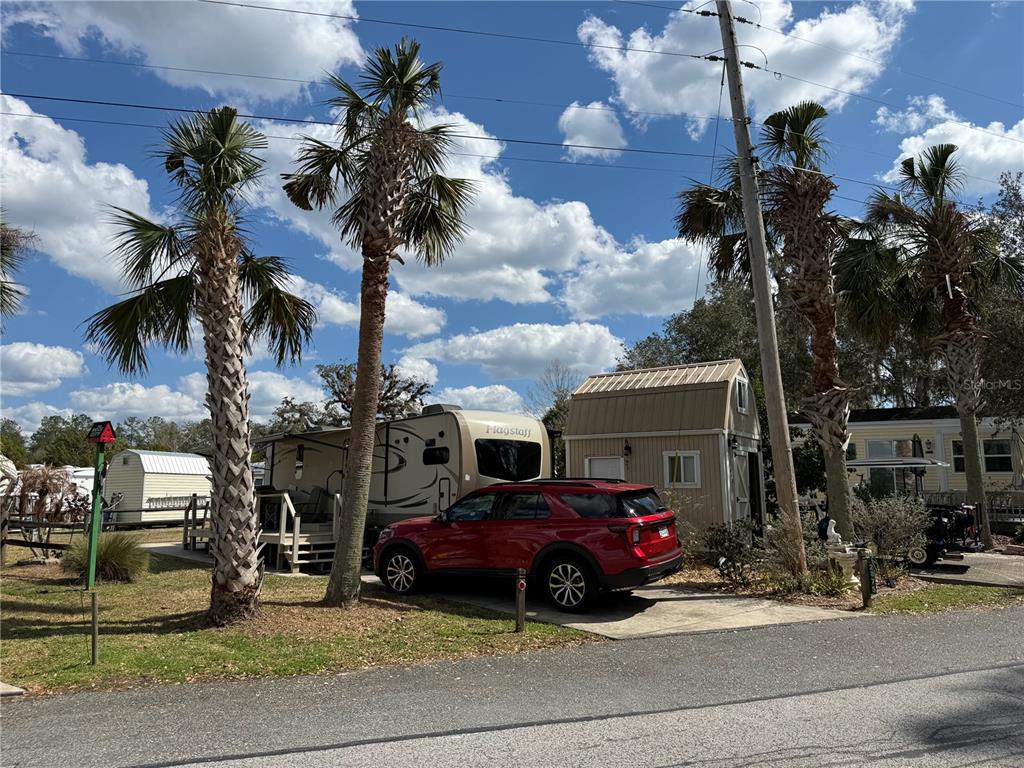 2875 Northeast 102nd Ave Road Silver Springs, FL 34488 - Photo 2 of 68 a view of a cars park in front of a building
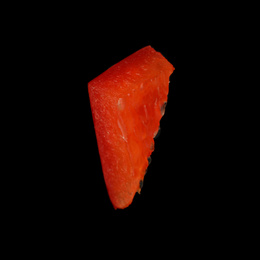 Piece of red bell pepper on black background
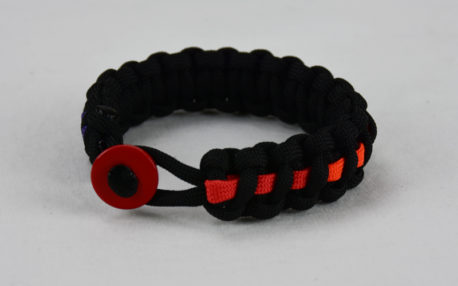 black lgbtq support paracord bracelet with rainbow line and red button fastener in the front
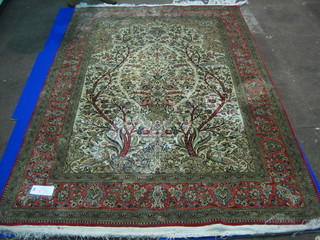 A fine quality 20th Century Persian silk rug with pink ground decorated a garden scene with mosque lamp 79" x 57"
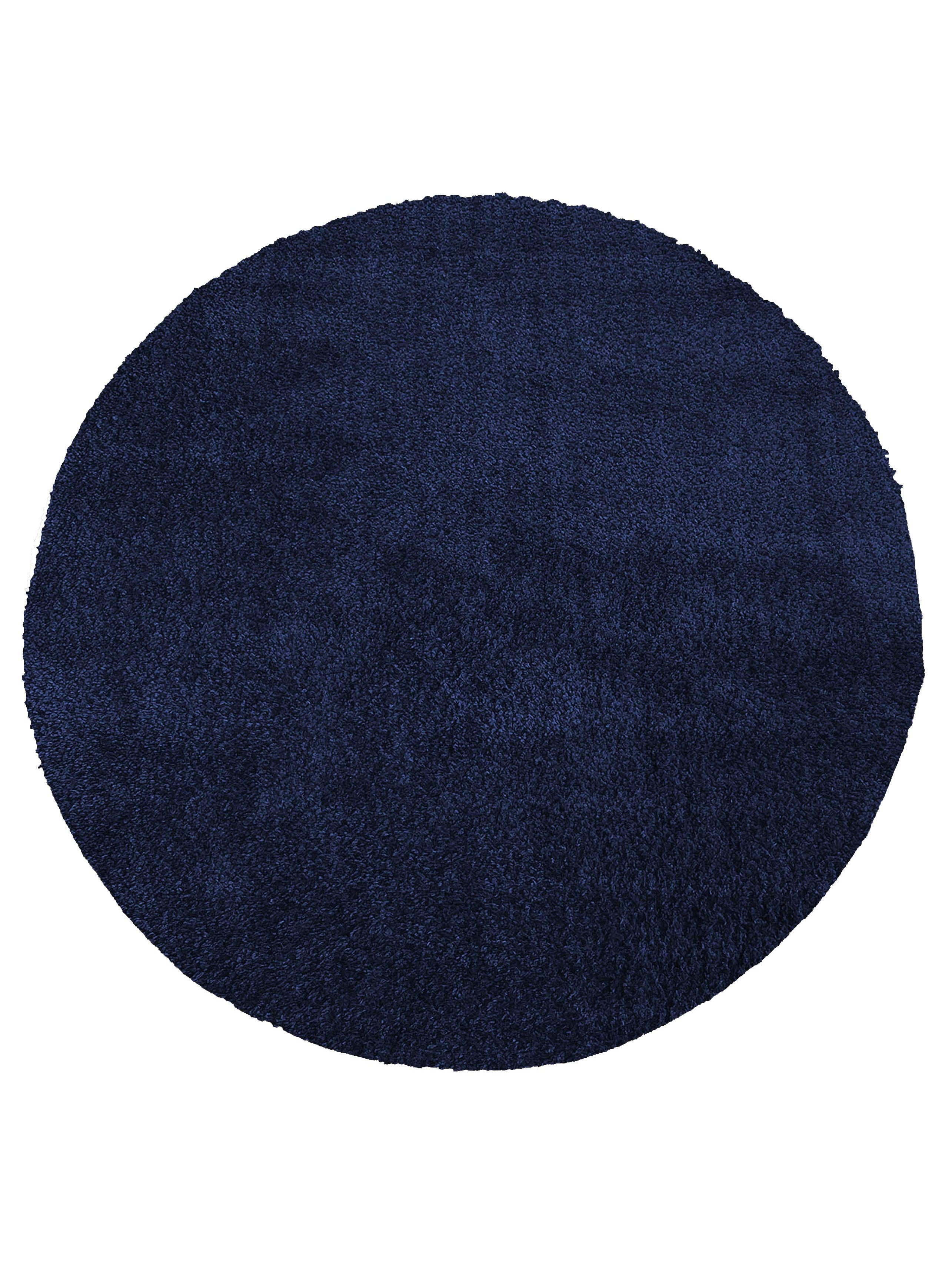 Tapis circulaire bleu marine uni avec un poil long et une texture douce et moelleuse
────────────────────
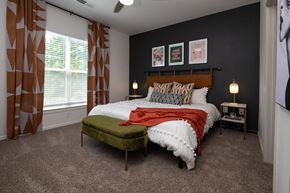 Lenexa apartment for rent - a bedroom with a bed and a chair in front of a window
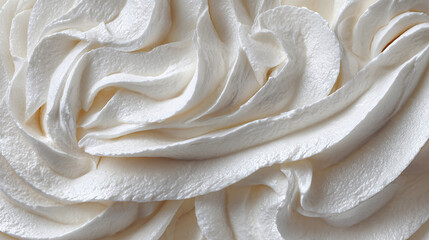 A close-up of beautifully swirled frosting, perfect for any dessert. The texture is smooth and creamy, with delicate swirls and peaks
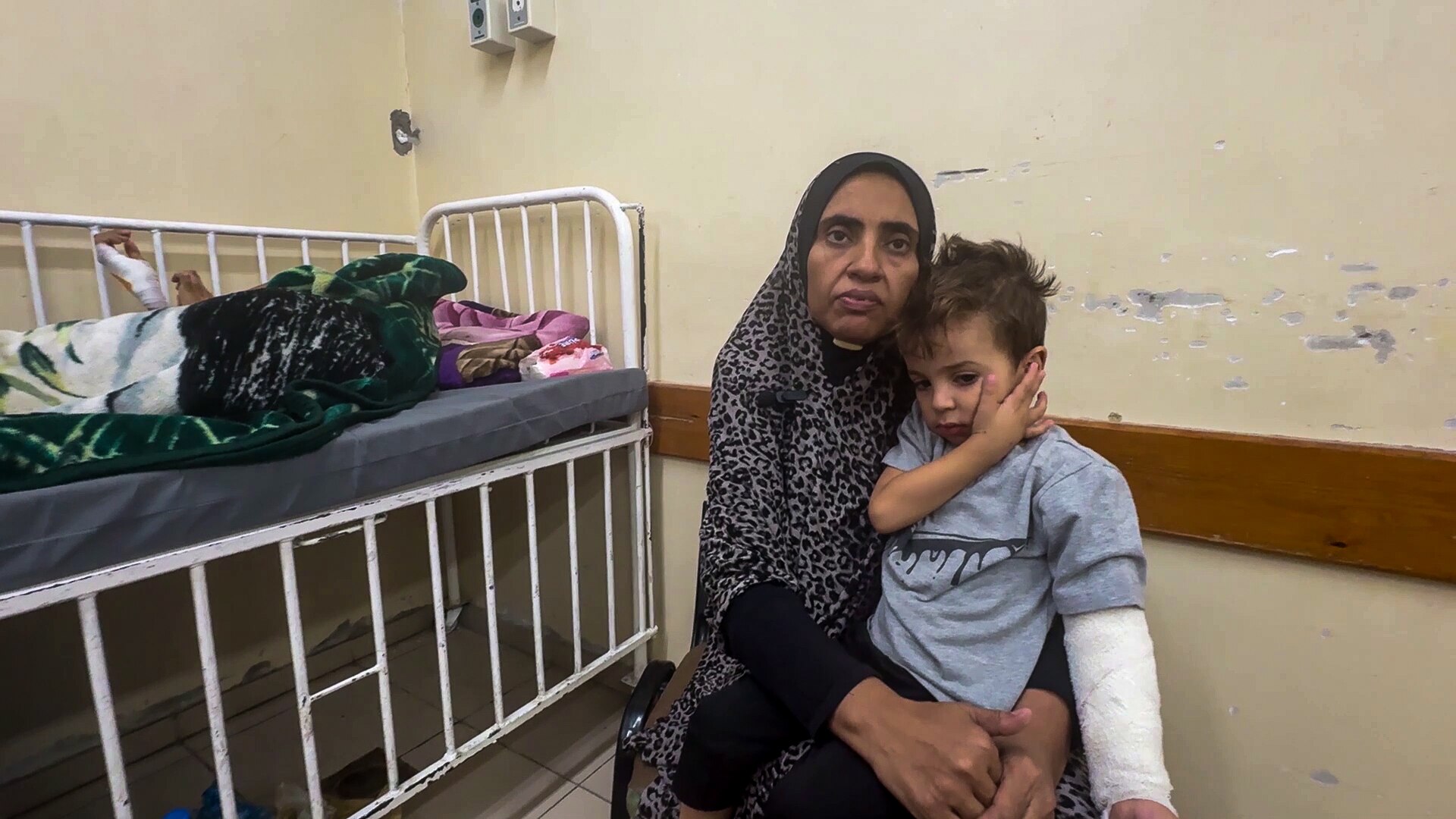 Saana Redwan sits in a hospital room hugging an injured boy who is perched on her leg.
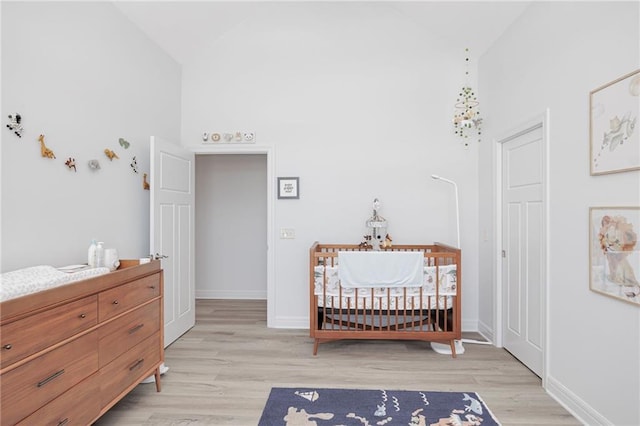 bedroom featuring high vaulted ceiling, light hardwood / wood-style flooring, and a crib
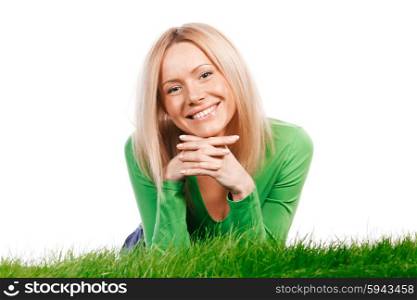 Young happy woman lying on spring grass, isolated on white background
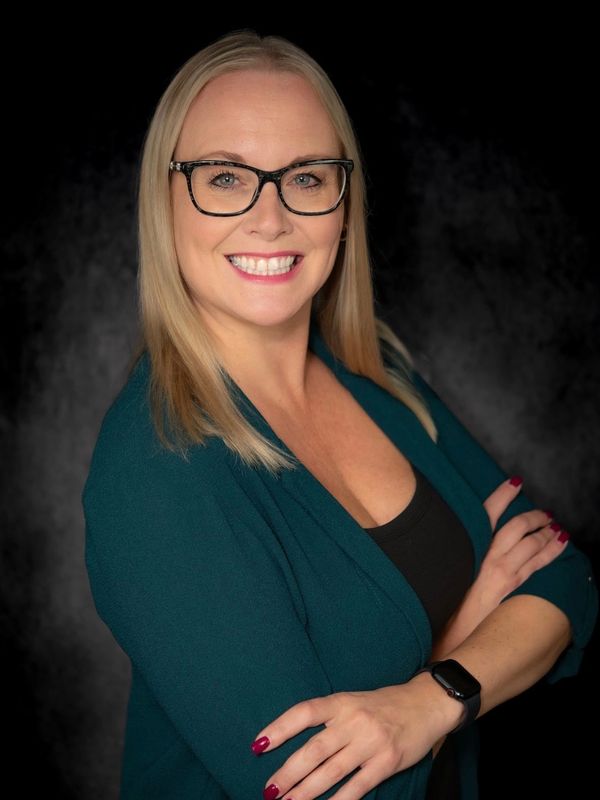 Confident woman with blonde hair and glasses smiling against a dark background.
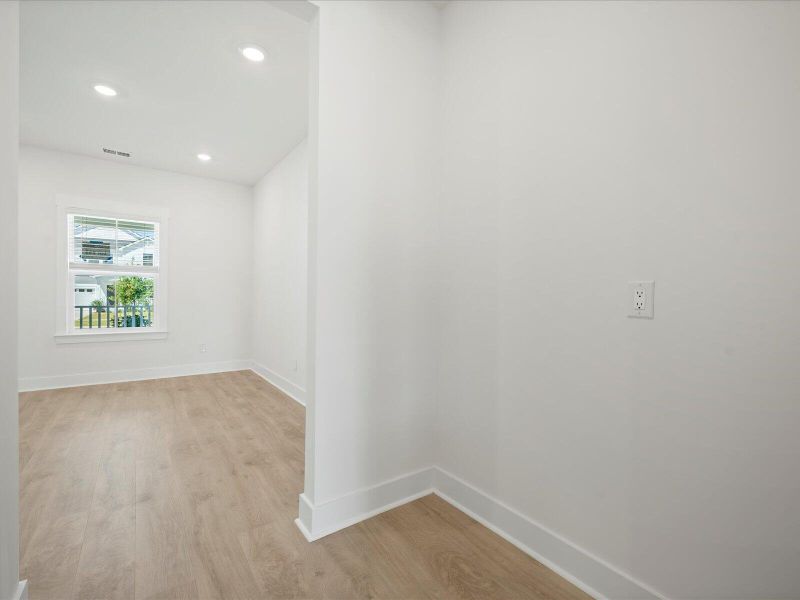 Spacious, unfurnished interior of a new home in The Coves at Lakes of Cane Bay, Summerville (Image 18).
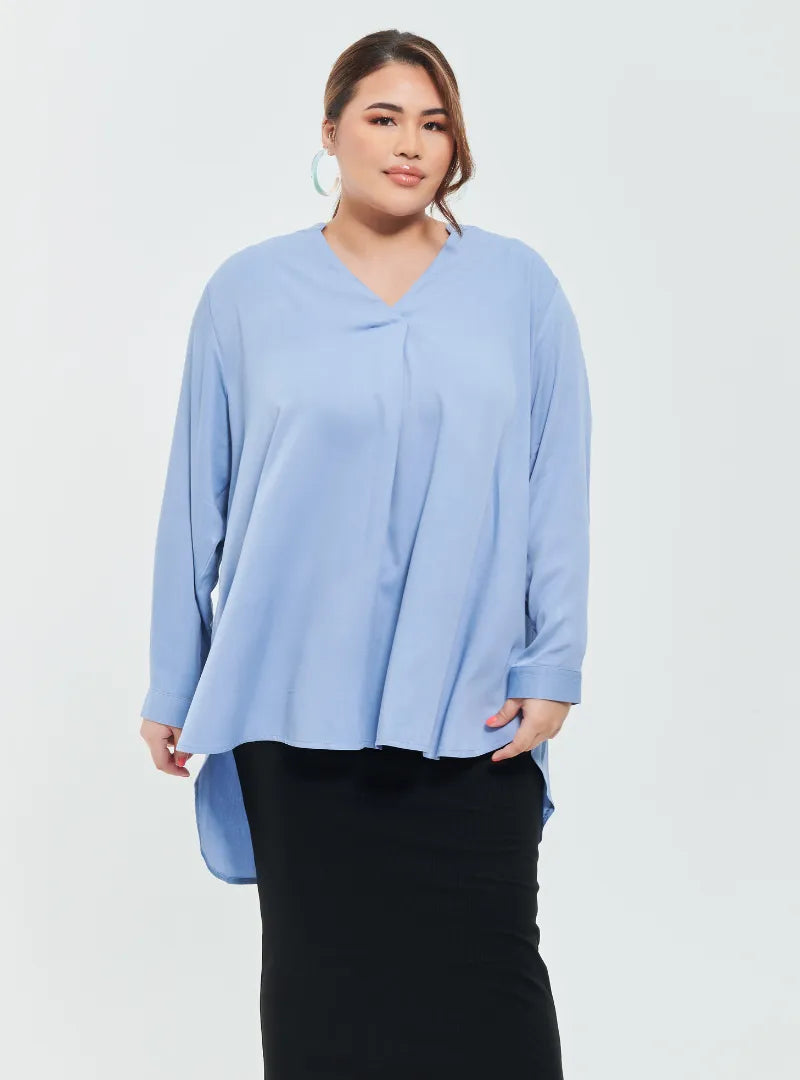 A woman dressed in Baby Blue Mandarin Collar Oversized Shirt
────────────────────
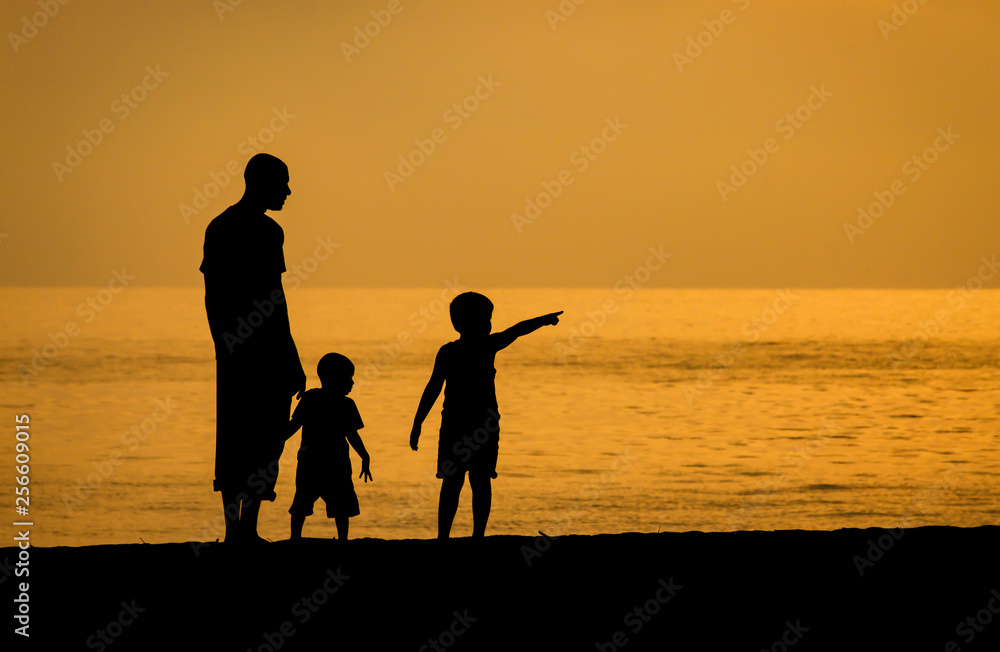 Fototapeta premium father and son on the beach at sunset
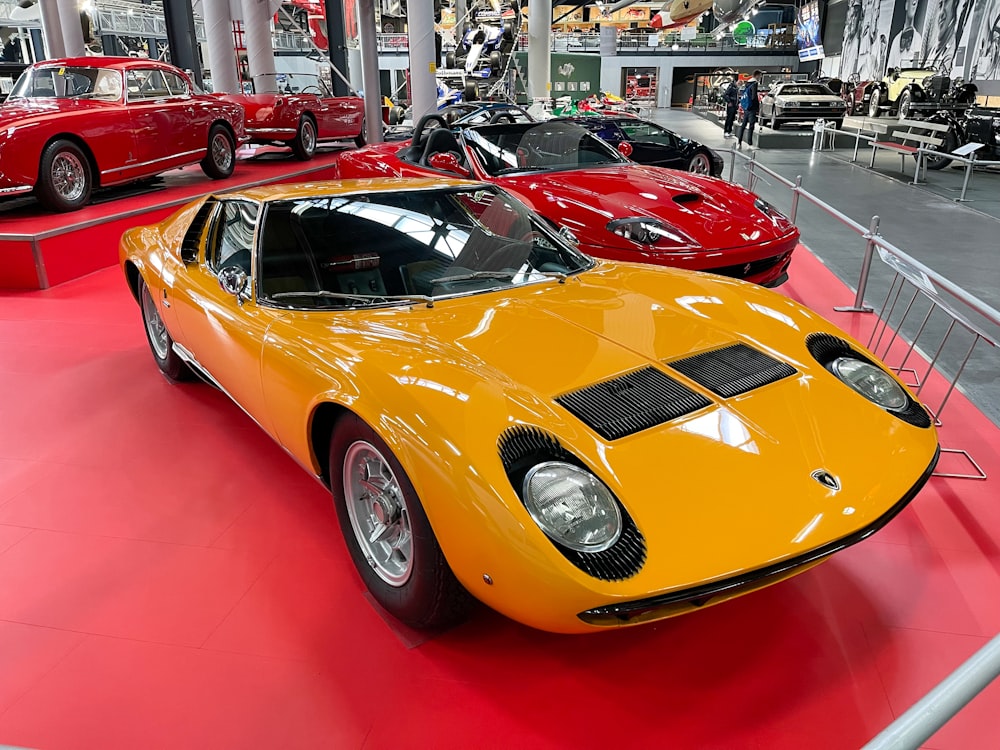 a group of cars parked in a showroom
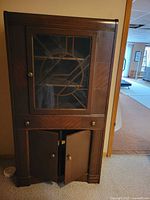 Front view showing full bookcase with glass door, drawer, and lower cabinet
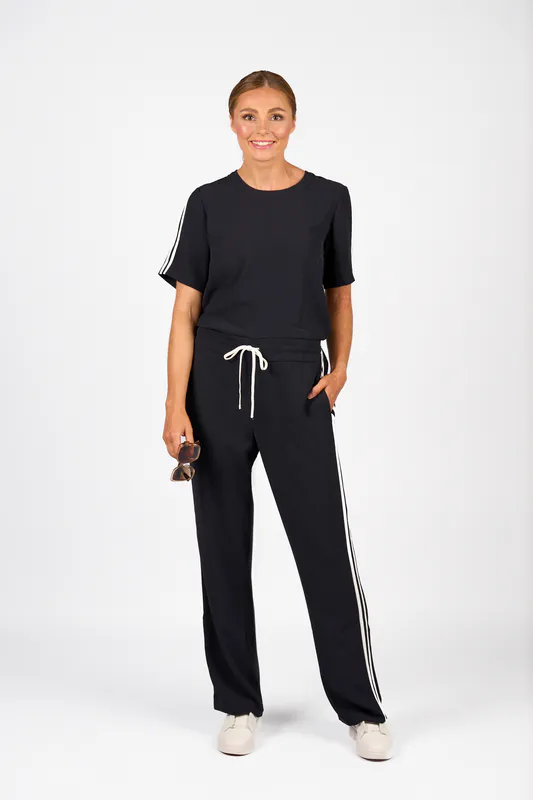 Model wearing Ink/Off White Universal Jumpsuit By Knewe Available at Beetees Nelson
────────────────────
WORK TO BE COMPLETED:
In the listing above, find the line containing "2875 Northeast 102nd" and the line containing "black lgbtq support", then output those two lines and everything between them exactly as written, without the images.

OUTPUT OF THE TASK:
 2875 Northeast 102nd Ave Road Silver Springs, FL 34488 - Photo 2 of 68 a view of a cars park in front of a building
 Piece of red bell pepper on black background
 black lgbtq support paracord bracelet with rainbow line and red button fastener in the front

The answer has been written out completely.